4.0101 Errors and CD-ROMs

Elaine Brennan & Allen Renear (EDITORS@BROWNVM.BITNET)
Tue, 22 May 90 17:44:17 EDT

Humanist Discussion Group, Vol. 4, No. 0101. Tuesday, 22 May 1990.

Date: Tue, 22 May 90 10:32:18 EDT
From: Ken Steele <KSTEELE@vm.epas.utoronto.ca>
Subject: Errors & CD-ROMs


Douglas de Lacey inquires about the general reliability of
commercially-available CD-ROM databases, like the British Library
General Catalogue. I don't yet have the luxury of a CD-ROM drive, but I
would like to approach the matter in a somewhat oblique way which will,
I hope, stimulate further discussion.

Last year I ordered the ETC WordCruncher electronic Shakespeare (based
on the Riverside edition by G. Blakemore Evans). Naturally (naively?)
I expected a reliable research tool, but I was alarmed to discover a
high frequency of errors and inaccuracies -- also reported by others who
have used the software. WordCruncher invites corrections by mail, but
does not announce or identify upgrade releases, nor does its proprietary
encryption permit the user to (legally) correct his or her own copy, so
one is quite permanently stuck with these errors.

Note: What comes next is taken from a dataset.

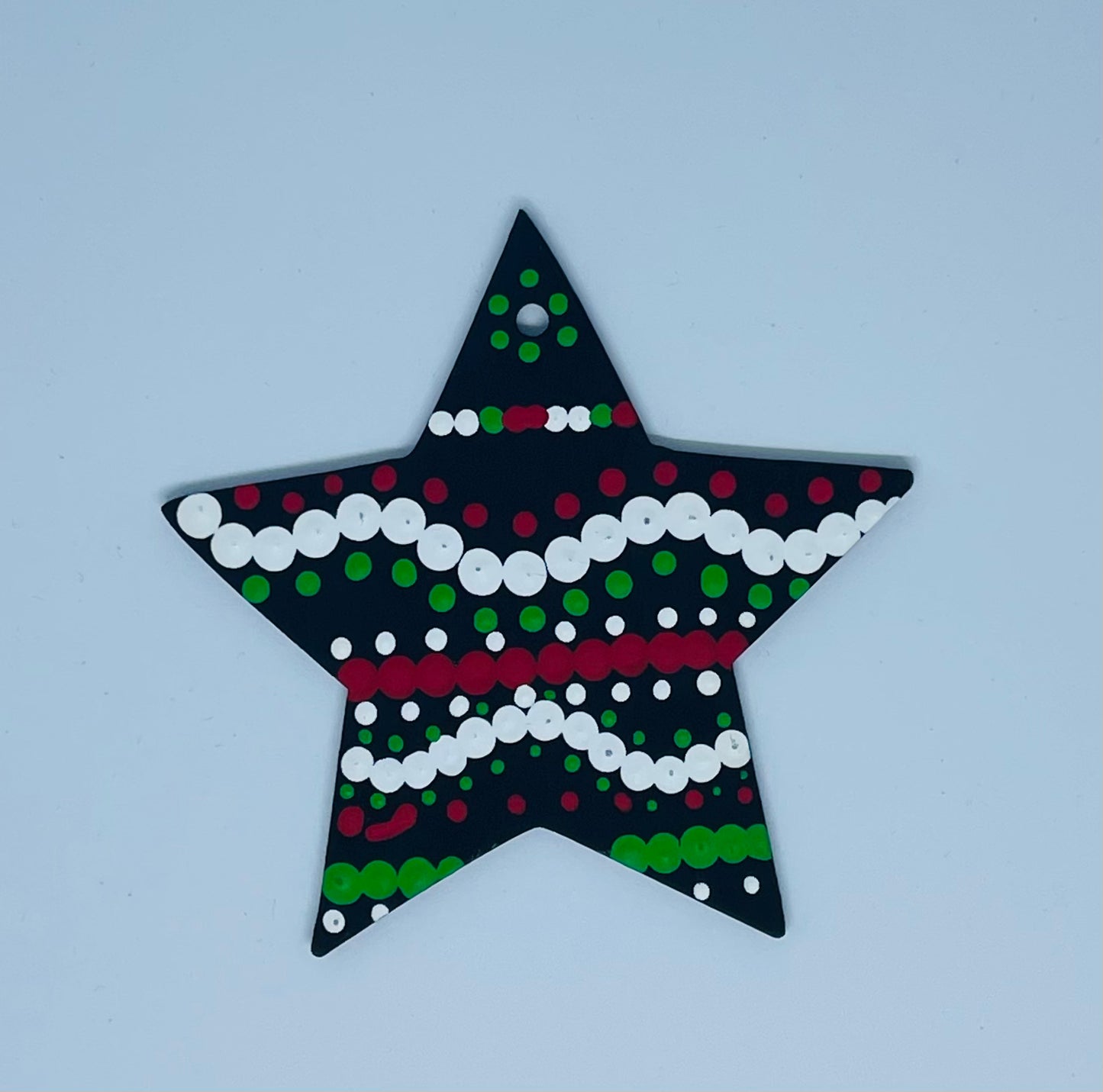 Star - Christmas Ornament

Likewise, in my work with the old-spelling transcriptions of the quarto
and folio texts of Shakespeare (available through the Oxford Text
Archive), I have been alarmed to discover errors even in those texts
which T.H. Howard-Hill proofread repeatedly before preparing his
Shakespeare concordances (and also in those texts I myself have
proofread letter-by-letter more than once!). Similar errors were
reported by Stanley Wells and Gary Taylor, who used these files in
preparation of the text for the Oxford edition of the Complete Works
(which many argue also includes errors, both intentional and
unintentional).

If such errors can proliferate in commercial and academic texts of about
10-15 megabytes, it is not surprising that a 500 megabyte CD-ROM should
contain fifty times the errors. Even one error per megabyte becomes
considerable as technology develops and databases grow.

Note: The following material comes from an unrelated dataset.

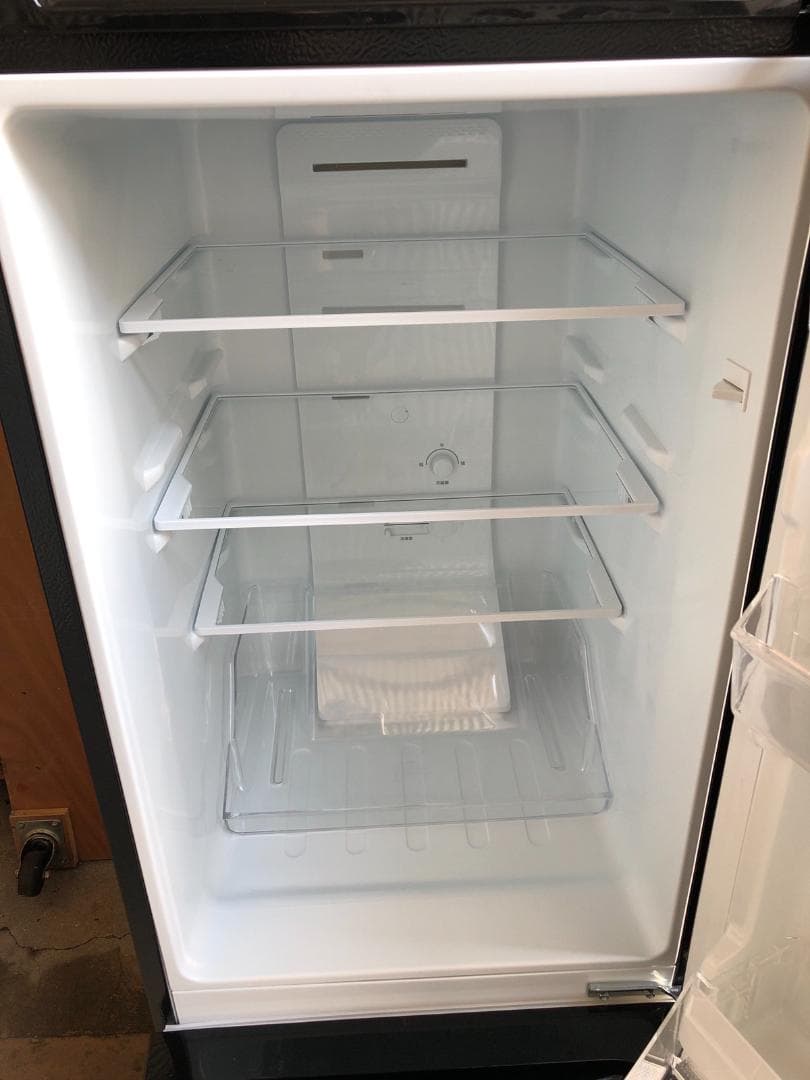 全国送料無料 ヤマダ 2024年製 冷蔵庫 YRZ-F15LK 一人暮らし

It seems to me that accuracy has long been the rallying cry of those who
distrust computing technology -- whether for searching a card catalogue,
preparing a collated edition, or simply looking up a reference. I used
to counter vehemently that the ease of correction in electronic texts
made perfection (eventually) attainable, but I have become less vehement
of late.

Reading a recently-published collection of short stories (in paperback)
I was struck by the number of typographical errors even there. In
reading the book, of course, I consciously and unconsciously made
allowances for the errors, as would any human reader. Perhaps
electronic texts prepared from paper texts are inevitably going to
contain higher error rates (because most people seem to find
proof-reading on-screen so difficult?), but even conventional printed
publications are error-prone (and not only in Renaissance England).

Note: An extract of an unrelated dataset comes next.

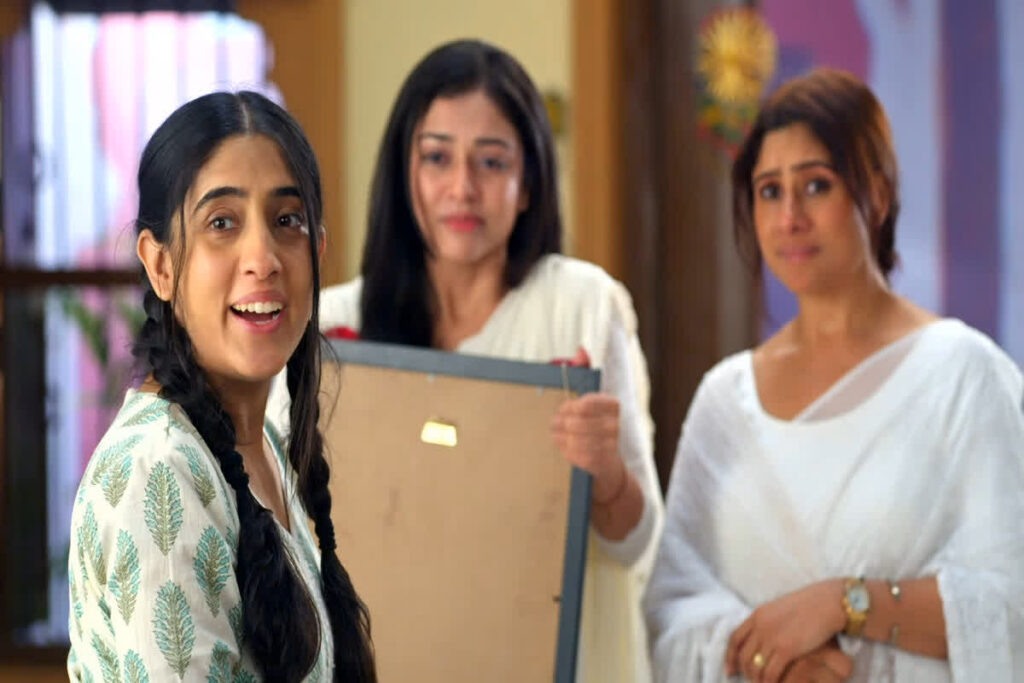 Ghum Hai Kisikey Pyaar Meiin 24th February 2025 Written Update| Photo Credit: hotstar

Perhaps we should concentrate our efforts on producing software which
can accommodate human imperfection in all its permutations, rather than
attempting to produce error-free information resources, adapting man in
the image of the machine? Error becomes particularly undeniable when
projects become more ambitious, such as scanning the entire Library of
Congress, providing access to newspapers on-line, or even filling a
CD-ROM with literary texts.

Can anyone offer more theoretical insights on error rates or human
fallibility? Has any careful research been published on the subject?
(My apologies for the length of this note).

Ken Steele
University of Toronto